Asked if the proposed study went far enough, Weaver said the ordinance lacked the detail appropriate for issuing a request for proposal to potential bidders.
"But I would advocate for a study that indeed looks at the whole system," he said.
Seldovia residents generally support a daily ferry service connecting south-bay communities with Homer and the road system. However, he said, there are some issues connected to the idea that give some people pause. One is the use of Jakolof Bay for ferry docking rather than Seldovia itself. That could lead to the development of Jakolof Bay perhaps to the detriment of downtown Seldovia, he said.
"Seldovia is, in a sense, taking a risk doing this study and proceeding in this direction," he said. "They are concerned about being bypassed."
Assembly members Bill Popp of Kenai and Chris Moss of Homer said they had gotten a lot of calls from water taxi and air service companies worried about a loss of business if a daily ferry is created and about the expenditure of public funds to study and then create such a system.
Weaver said it wasn't Seldovia's intent to compete with tourism-based passenger vessels or aircraft. The aim was to explore more direct daily ferry service that would serve automobiles and cargo traffic.
He also said the historical evolution of transportation systems on the lower Kenai Peninsula tends to alter the nature of transportation enterprise over time. That's already happened to Seldovia.
"The road from Soldotna to Homer was a government subsidy that upstaged the previous transportation system before that, which Seldovia was the center of," he said.
Seldovia once was the center of commerce in Kachemak Bay and was linked to the rest of the Cook Inlet region by water and air routes.
"I don't know of any transportation system that hasn't had a government subsidy," he said.

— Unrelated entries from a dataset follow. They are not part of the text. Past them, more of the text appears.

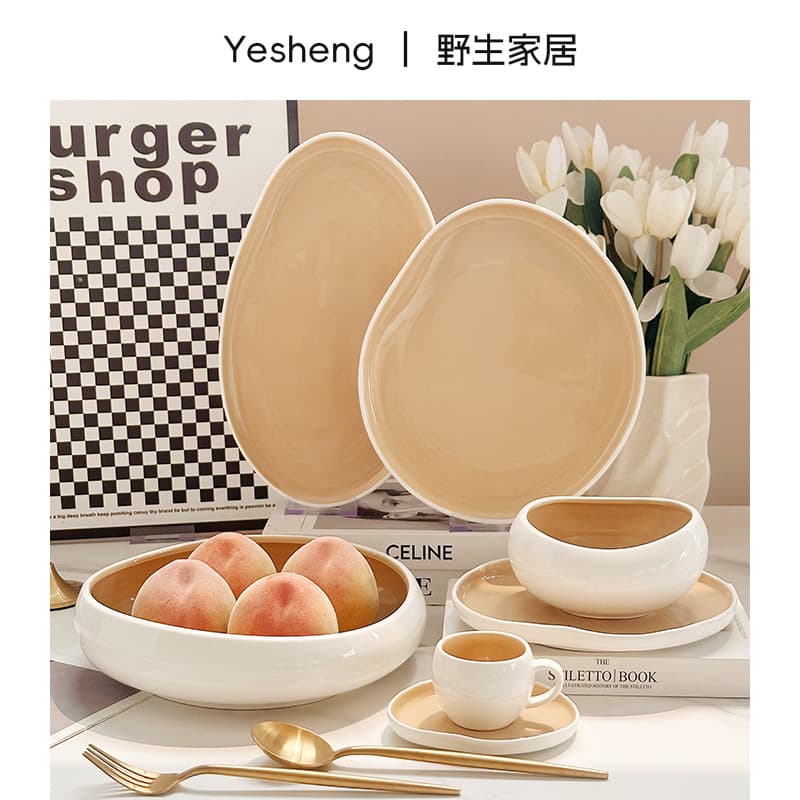Milk Coffee Dual-Glaze Ceramic Dinnerware Set Irregular Relief French Bowls Plates Dishes for Home Creative Tableware Wholesale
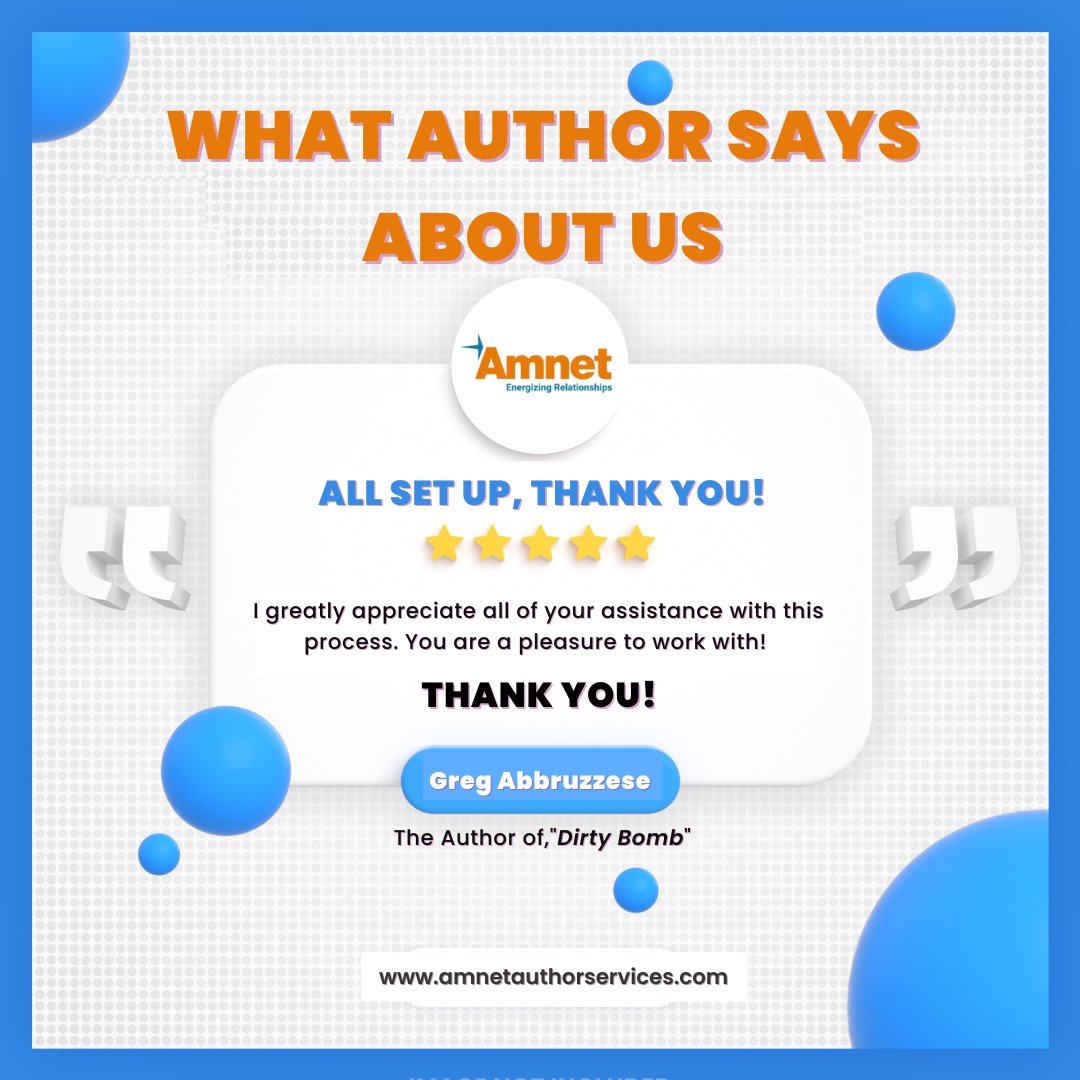 Amnetservices's tweet photo. There really is no better way to gain trust and prove the validity of your #brand than #customer testimonials. So we’re grateful for reviews from #authors like #gregabbruzzese

Visit - https://t.co/z4iM6gsoVH

#amnetauthor #testimonial #TestimonialTuesday #customerreview https://t.co/TqRXrvt2gU
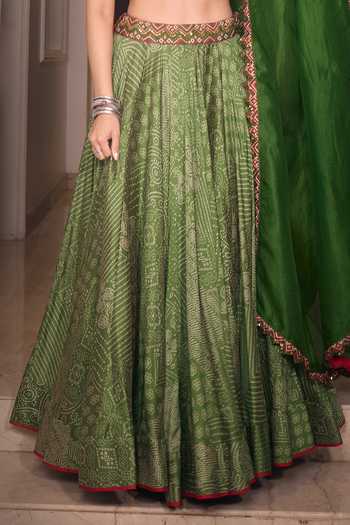 Shop Punit Balana Green Chanderi Silk, Organza Embroidery Scoop Neck Bandhani Print Lehenga Set Online at Aza Fashions Shop_Punit Balana_Green Chanderi Silk, Organza Embroidery Scoop Neck Bandhani Print Lehenga Set _Online_at_Aza_Fashions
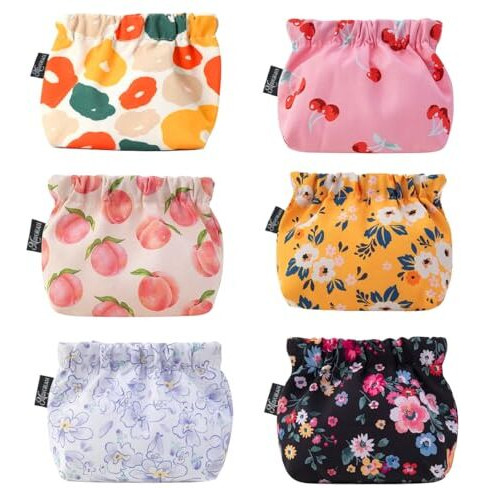Maycreate 6Pcs Small Pouches For Women, Mini Makeup Pouch, Cute Print Oxford Cloth Coin Purse Pocket Cosmetic Bag Travel Organizer For Lipstick Jewelry Earphones - Self-Closing
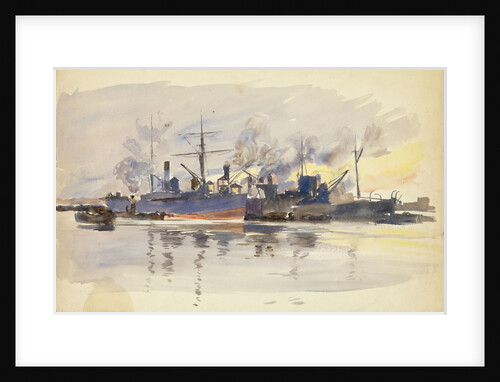 Sketch of merchant ships in port by William Lionel Wyllie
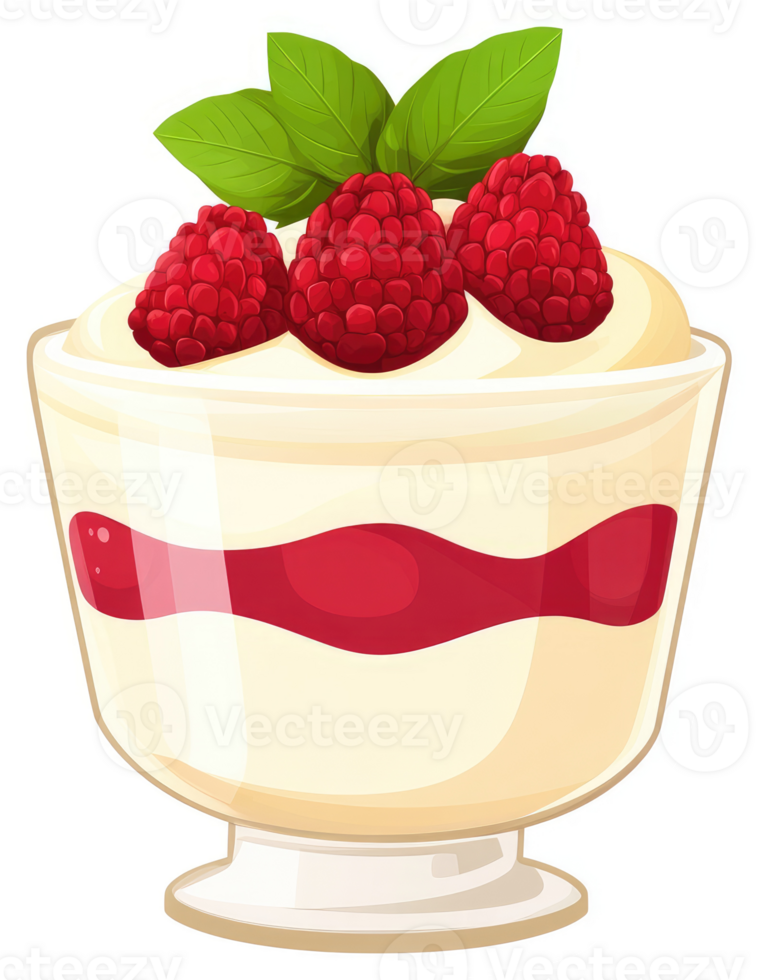 A delightful glass dessert with raspberries and red sauce. png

Weaver said Seldovia is concerned about "being captive to businesses that will hold us dependent so we will not be able to proceed on economic development on our own."
Assembly members indicated they would favor a larger study that looks at overall transportation issues for the south bay. Moss and Popp said, however, they weren't ready to rush into spending this money now, preferring instead to have the borough administration explore a broader study with the state.